The Officer and his strange anatomy.
The figures are big and chunky - though not as enormous as I had been led to believe by some TMPers.  For example I see no reason why they could not be used with Front Rank troops.  As a general rule, I would say that both horses and riders are very nicely detailed.  Faces display a good deal of character and the sculptor certainly made some effort depicting the braiding on the dolman/pelisse and getting the "Hungarian knots" shown on the breeches.

The nags are cast with furniture in situ and look rather good.  It was disappointing that there was just one pose in my pack but that one pose is attractive.

Note:  One of the horses was missing most of an ear - another miscast.

When it comes to authenticity I must admit ignorance of the Lombardy Legion's particulars.  These fellows look like fairly generic mid/late C18 Hussars.  The trumpeter in early bicorne is about the only thing that may work against people wanting to use these in a later "Lace Wars" context.
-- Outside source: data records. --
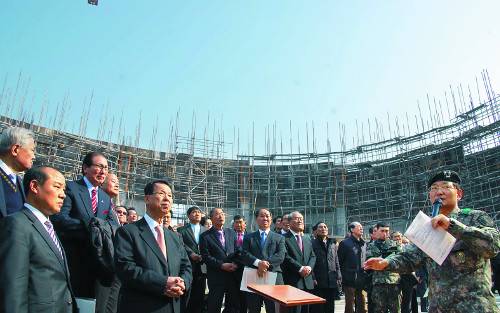 육군훈련소장 서상국 장로(오른쪽)가 17일 논산 육군훈련소 연무대군인교회 신축 현장에서 김삼환 목사(앞줄 왼쪽 두 번째) 등 군선교연합회 관계자들을 대상으로 공사 개요를 설명하고 있다.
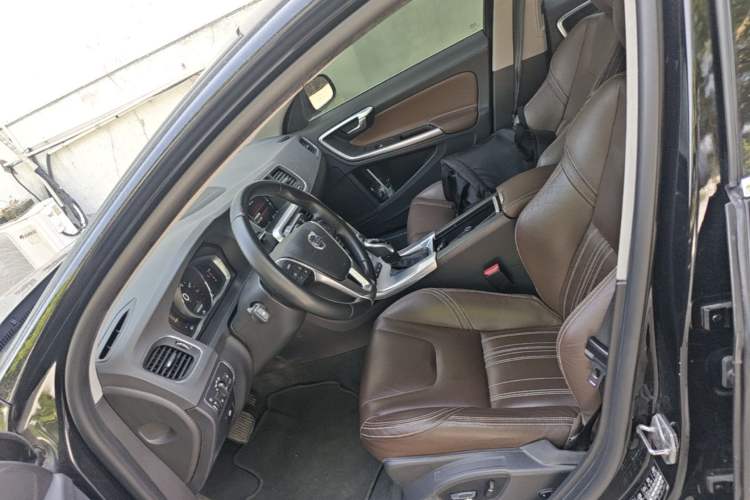 Used Volvo S60 New Energy 2015 S60L E-Drive Hybrid T6 Smart Drive Edition Left Front Seat
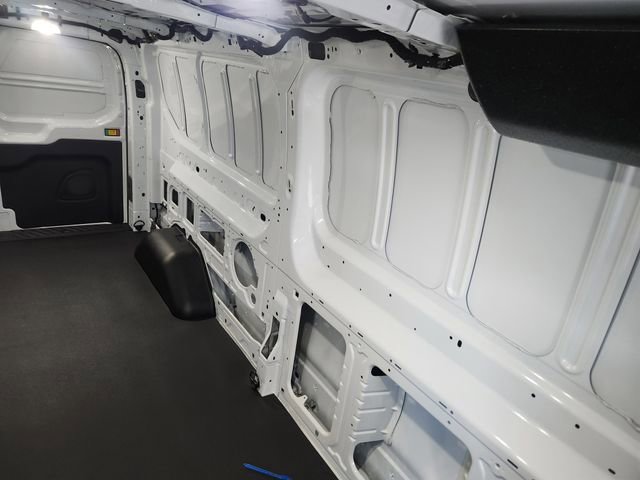 Used 2024 Ford Transit 150 Low Roof AWD image 18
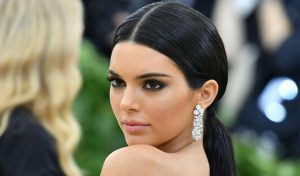 Atacan a Kendall Jenner en Instagram por "traicionar" a Selena Gómez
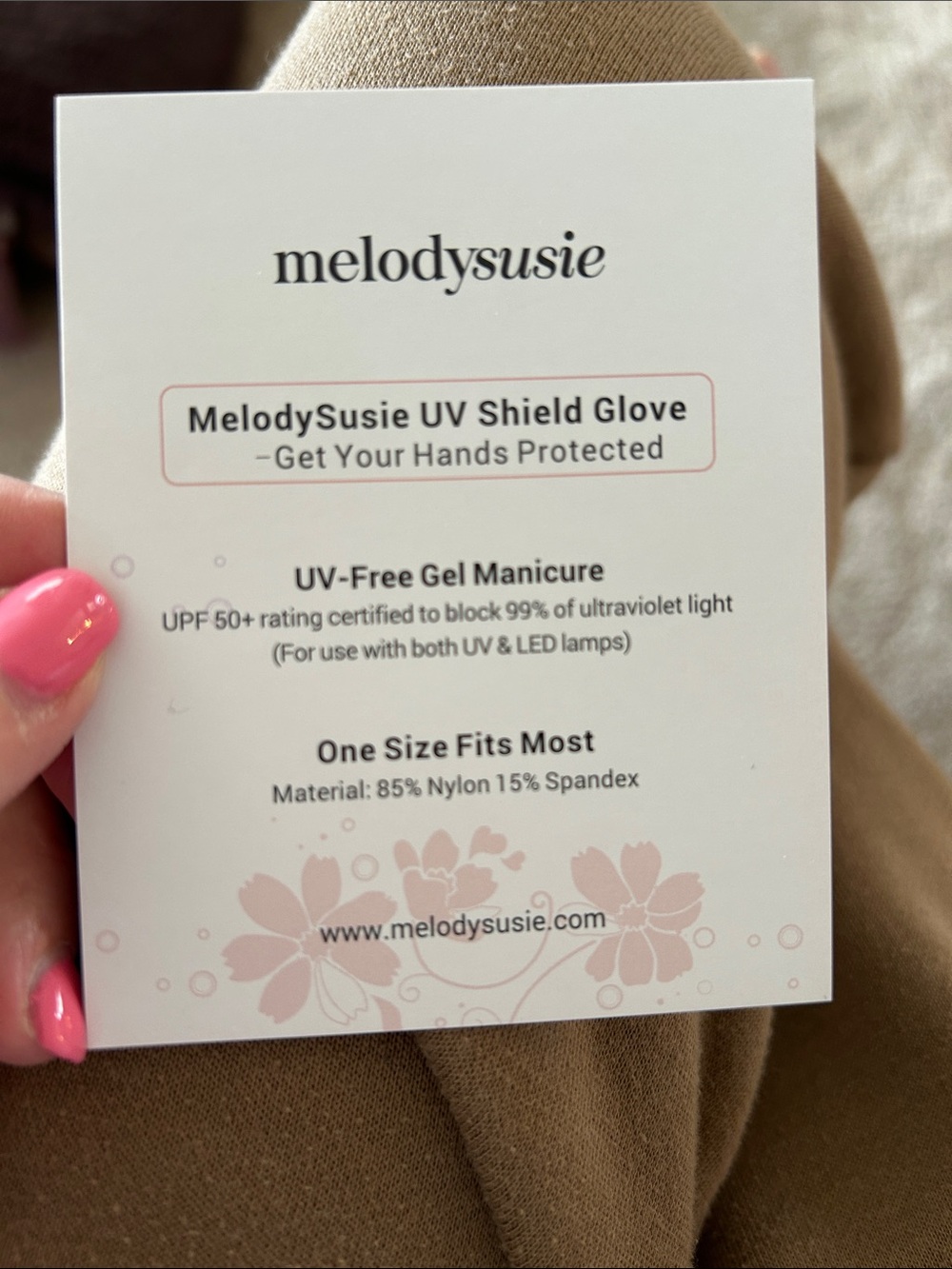 MelodySusie UV Shield Gloves in Black - Picture 5 of 5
Guidon bearer - character packed face!
Sadly I must now make a couple of less than positive observations.  Whilst nicely detailed these figures have a very odd - almost dwarfish - look to them.  Strangely this is far more marked when you have them in your hand!  The Guidon bearer and especially the Officer both look plain wrong!  They appear barrel-chested and without necks.  In addition, either the distance between the shoulders and backside or the length of the legs is insufficient - I am not really sure which it is.  Peculiarly, the trumpeter seems to be free of this distortion - but the rank and file Hussars (Code LL11) are afflicted to an even greater degree.  This is a real shame as these could have been a great alternative for those seeking Hussars.

Further to the sculpting problems*, I must comment upon the very high number of miscasts.  Regular readers will be aware that poor quality castings are a real bugbear of mine (see here) and these figures really annoyed me.  I purposely obtained them from a third party vendor (Ebay seller) rather than ordering directly as I wished to avoid any delays.   The gentleman was efficient and polite and they were at my door less than 36 hours after I pressed "buy it now" - so I have nothing but praise for Steve Wood's operation.  However, it really galls that Trent would supply a vendor and therefore a customer with such substandard product.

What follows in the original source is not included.